My attempt : $\frac{\partial}{\partial t} u (x,t) =- b \frac{ \partial u}{\partial x}(x,t) $ , Now again differenting both l.h.S and r.h.s , we get $$\frac{\partial^2}{\partial t^2} (x,t) =- b \frac{ \partial^2 u}{\partial x^2}(x,t) $$

after that applying the D alembert formula we have $$u(x,t) = \frac{(x+ bt)^2 +(x-bt)^2}{2} + \frac{1}{2b}\int_{x-bt}^{x+bt}0\,{\rm d}s.$$

Is its true ?

Answer 1

$$\frac{\partial u}{ dt} (x,t) + b \frac{ \partial u}{dx}(x,t) =0 $$ With the method of characteristics the general solution is immediate : $$u(x,t)=F(x-bt)$$ with arbitrary function $F$.

Condition : $u(x,0)=F(x)=x^2$. Now the function is known : $F(X)=X^2$ . We put it into the above general solution where $X=(x-bt)$ . $$u(x,t)=(x-bt)^2$$

Answer 2

Hint

Let $$\hat u(\alpha ,t)=\int_{\mathbb R}u(x,t)e^{-2i\pi \alpha x}\,\mathrm d x.$$ Then, $$\partial _xu(x,t)+b\partial _tu(x,t)=0\iff \frac{\mathrm d}{\mathrm d t}\hat u(\alpha ,t)-2i\pi \alpha \cdot \hat u(\alpha ,t)=0,$$ which is just a linear ODE to solve.

Answer 3

Making the change of variables

$$ \cases{ \xi=x\\ \eta=x-b t } $$

we have

$$ u(x,t) = w(\xi,\eta) $$

and after the change of variables we have

$$ b w_{\xi}(\xi,\eta)=0 \Rightarrow w(\xi,\eta) = \phi(\eta) $$

now considering the initial conditions

$$ \phi(b x) = x^2\Rightarrow \phi(\eta) = \left(\frac{\eta}{b}\right)^2 $$

and finally

$$ u(x,t) = \left(x - b t\right)^2 $$

Answer 4

Your approach is correct provided that the solution is sufficiently smooth (which is the case here). However, you made some mistakes in the derivation of the solution.
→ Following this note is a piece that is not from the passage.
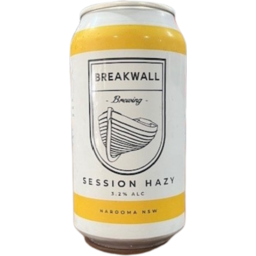Photo of Breakwall Session Hazy Can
Indeed, differentiating the linear advection equation $u_t + b u_x = 0$ w.r.t. $t$, we have $u_{tt} = -b u_{xt}$. Now, we use the equality of mixed derivatives $u_{xt} = u_{tx}$, and the initial PDE itself $u_{tx} = -b u_{xx}$ after differentiation w.r.t. $x$. Thus, the wave equation $$ u_{tt} = b^2 u_{xx} $$ is obtained. D'Alembert's solution for the initial condition $u(x,0) = x^2$ and $$u_t(x,0) = -b u_x(x, 0 ) = -2b x$$ reads \begin{aligned} u(x,t) &= \tfrac{1}{2} \left[(x+b t)^2 + (x-b t)^2\right] - \int_{x-bt}^{x+bt} \xi \,\text d \xi \\ &= (x-bt)^2 . \end{aligned} This is exactly the solution obtained by the more straightforward method of characteristics (see answer by @JJacquelin).